There is one other case, more unfortunate than anything else but may help any one else who encounters a similar case and don’t know how to proceed. I saw a 12 year old girl in the clinic with her mom. Per mom she had been complaining of vaginal itching, foul odor and ‘bumps’ for about 3 days or so. She did tell mom that she had her first sexual encounter with a 16 or 17 year old boy although he didnt ‘go all the way in’. Turns out she had what appeared to be primary herpes outbreak. At home we would call our Child Assessment team and they would get right on it since the girl is a minor (under 16 here). However I was not sure how the system worked or who to inform and it became somewhat frustrating since I did not know the protocol. However, I got in touch with the Child and Mental Health nurse and the matron who assisted me in the protocol—–in essence you refer the child to the A&E department (Emergency room) where the hospital’s social worker and the assault division of the police department can get all the information and deal with the case.
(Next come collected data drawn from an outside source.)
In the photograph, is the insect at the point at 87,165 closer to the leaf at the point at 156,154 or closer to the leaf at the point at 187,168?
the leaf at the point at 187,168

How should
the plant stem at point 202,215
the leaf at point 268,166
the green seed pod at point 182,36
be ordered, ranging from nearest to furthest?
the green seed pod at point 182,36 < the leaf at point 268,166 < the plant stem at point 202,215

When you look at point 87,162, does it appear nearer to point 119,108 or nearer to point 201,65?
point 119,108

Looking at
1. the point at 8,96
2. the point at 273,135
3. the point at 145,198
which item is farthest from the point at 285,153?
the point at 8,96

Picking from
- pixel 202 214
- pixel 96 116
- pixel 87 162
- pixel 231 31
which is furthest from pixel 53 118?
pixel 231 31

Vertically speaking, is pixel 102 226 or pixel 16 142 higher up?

Its imperative to get all that information and sometimes even admit the child for observation to obtain these things because most houses dont have addresses like we do in the US and also most families do not have phones. So for fear of the family disappearing (not intentionally) you may have to admit a child just to get all information sorted and proper treatment.
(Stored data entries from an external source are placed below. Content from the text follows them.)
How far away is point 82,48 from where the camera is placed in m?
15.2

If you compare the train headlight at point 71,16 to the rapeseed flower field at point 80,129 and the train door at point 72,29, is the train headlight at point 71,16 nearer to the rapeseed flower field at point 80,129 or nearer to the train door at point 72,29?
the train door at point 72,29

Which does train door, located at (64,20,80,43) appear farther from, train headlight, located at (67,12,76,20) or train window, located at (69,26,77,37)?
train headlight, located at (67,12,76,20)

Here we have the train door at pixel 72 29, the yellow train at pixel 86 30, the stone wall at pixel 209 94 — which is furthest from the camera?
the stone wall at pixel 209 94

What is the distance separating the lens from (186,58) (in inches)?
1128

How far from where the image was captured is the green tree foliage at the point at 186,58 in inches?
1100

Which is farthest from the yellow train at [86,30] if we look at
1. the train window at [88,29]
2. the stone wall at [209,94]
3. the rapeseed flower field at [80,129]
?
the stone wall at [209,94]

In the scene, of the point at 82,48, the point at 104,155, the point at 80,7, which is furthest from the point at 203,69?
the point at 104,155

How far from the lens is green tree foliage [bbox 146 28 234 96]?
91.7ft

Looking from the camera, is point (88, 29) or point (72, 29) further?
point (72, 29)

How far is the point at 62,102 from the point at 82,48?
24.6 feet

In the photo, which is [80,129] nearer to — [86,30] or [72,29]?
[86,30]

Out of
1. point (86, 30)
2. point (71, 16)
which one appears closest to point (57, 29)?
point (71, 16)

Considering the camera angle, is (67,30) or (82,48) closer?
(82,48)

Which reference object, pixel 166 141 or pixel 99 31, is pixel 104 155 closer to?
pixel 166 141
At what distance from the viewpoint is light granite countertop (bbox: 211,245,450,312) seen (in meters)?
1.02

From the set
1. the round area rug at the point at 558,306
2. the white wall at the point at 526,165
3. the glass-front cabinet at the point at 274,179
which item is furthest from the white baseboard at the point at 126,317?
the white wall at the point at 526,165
On a lighter note, we were able to have extra time off this week for Easter (both Good Friday and Easter Monday are holidays). I was able to go Mystic Mountain and try the bobsled rides as well as the zip line…it was fun! If anyone comes for Easter, you can show how much you know about Jamaican culture by mentioning ‘bun and cheese’; this is a tradition that involves eating a ‘bun’ (looks like fruit cake) with cheese in the center for Good Friday. The resort had some as desserts so David, my coworker, was able to try it.
I must say that everyone I have encountered have been so warm and welcoming. I feel I have inherited a new family of sorts with the workers here. It saddens me that I soon have to leave.